For the Electric Parade, this is a decision that is long overdue.
America is a collection of stories and myths from multiple cultures. The previous “To Honor America” float felt increasingly out of place at one of our nation’s most legendary and recognizable institutions. With dancers dressed in colonial garb, it felt like a relic of a time when America yearned for the “good old days” rather than forward momentum. Indeed, the stars and stripes finale took place in 1979, shortly after America’s bicentennial celebration in 1976 (a Disneyland representative noted that the parade was on hiatus in 1975 and 1976).
Granted, when it comes to outdated American exceptionalism, the park has been a little slow at times (see Jungle Cruise). Yet from day one, Disney has been a reflection of American culture more than a love letter to American nationalism, a holdover from the park’s early days in the Walt Disney era. Modern Disney, with a global fanbase, is less interested in trying to see the world through an American lens. And while it may be a cynical choice to pump more of its own tales into the parks, this is an area where corporate and public interests align for better, more timeless attractions.
Today, Disney-style American culture is “Coco”, “Encanto”, “Moana”, “The Princess and the Frog”, “Black Panther”, “Frozen”, “Raya and the Last Dragon” and others. Each of these tales, taken together but not above criticism, is more reflective of the diverse communities that make up the constituents of the theme park than something that seems best left to the 4th of July.
Disneyland, of course, is a place of tradition, and even today the park is home to an Abe Lincoln robot, holds flag retreats, and tells the story of the first Christmas of every December. But part of the park’s heritage is change. The electric parade has been a source of relatively constant upheaval. Originally, the parade ended with a series of small allegorical floats, mixing Disney characters and musical instruments. In 2009, Disney added Tinker Bell at the start of the parade and placed the Blue Fairy on a long break.
The closing float will now be anchored in the parade with a 19-foot-tall rendition of Sleeping Beauty’s castle – a rendition that incorporates motifs from the facade of It’s a Small World – instead of the giant American eagle which followed the flag float. Sleeping Beauty Castle, a centerpiece of Disneyland since it opened in July 1955, has been copied and reimagined at other Disney parks, but it remains America’s most eye-catching theme park symbol.

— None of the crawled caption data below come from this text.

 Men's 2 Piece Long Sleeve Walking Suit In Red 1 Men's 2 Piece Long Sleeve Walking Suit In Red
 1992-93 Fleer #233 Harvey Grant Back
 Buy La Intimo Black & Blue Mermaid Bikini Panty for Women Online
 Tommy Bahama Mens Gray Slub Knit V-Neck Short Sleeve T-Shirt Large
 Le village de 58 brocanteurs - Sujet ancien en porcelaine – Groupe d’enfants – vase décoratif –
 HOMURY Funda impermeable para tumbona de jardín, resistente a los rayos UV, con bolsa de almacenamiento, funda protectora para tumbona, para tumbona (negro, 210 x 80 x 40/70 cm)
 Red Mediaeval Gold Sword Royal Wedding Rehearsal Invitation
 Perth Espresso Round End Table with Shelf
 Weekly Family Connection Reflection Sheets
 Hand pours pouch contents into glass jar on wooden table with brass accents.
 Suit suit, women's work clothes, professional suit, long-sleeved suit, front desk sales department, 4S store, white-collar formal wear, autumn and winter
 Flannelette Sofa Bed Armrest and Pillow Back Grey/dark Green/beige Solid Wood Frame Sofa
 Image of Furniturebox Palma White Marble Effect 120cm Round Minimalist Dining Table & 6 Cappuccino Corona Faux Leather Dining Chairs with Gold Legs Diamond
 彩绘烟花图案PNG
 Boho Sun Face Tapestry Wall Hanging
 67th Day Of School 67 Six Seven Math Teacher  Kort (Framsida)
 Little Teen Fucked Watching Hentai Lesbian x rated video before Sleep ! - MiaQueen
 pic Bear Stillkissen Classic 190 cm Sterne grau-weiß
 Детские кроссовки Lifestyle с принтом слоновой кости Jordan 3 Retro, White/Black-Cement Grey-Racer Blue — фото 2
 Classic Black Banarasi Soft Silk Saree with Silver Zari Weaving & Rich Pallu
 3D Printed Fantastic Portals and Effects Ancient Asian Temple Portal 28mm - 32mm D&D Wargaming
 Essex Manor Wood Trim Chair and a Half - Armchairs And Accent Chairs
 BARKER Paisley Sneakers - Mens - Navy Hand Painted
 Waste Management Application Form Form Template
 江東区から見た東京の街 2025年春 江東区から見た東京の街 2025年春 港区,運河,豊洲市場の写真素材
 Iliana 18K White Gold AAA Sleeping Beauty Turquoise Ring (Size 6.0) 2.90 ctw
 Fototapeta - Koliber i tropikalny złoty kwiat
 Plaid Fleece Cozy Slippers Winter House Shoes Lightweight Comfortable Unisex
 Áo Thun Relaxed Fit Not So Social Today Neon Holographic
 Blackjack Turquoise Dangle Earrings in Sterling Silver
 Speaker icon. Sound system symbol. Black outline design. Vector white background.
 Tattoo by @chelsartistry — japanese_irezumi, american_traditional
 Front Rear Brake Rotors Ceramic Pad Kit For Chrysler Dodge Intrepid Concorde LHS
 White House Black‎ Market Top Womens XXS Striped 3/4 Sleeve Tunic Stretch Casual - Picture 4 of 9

It’s a SoCal tradition that’s a lasting testament to the power of American culture and consumerism. In non-pandemic times, Disneyland was estimated to attract 19 million visitors a year, and the castle is a sign of all that we are not just an imagined place but also otherworldly.
Sleeping Beauty Castle is also a symbol of a place where America’s most popular art form – film – can take shape and become a place to reframe, recontextualize and reorient our relationship with the myths and possibilities of our country. And one of the most impactful ways to get to know each other is through the stories we’ve told at different times — stories that can represent the entire American population — rather than waving the American flag stained with pink.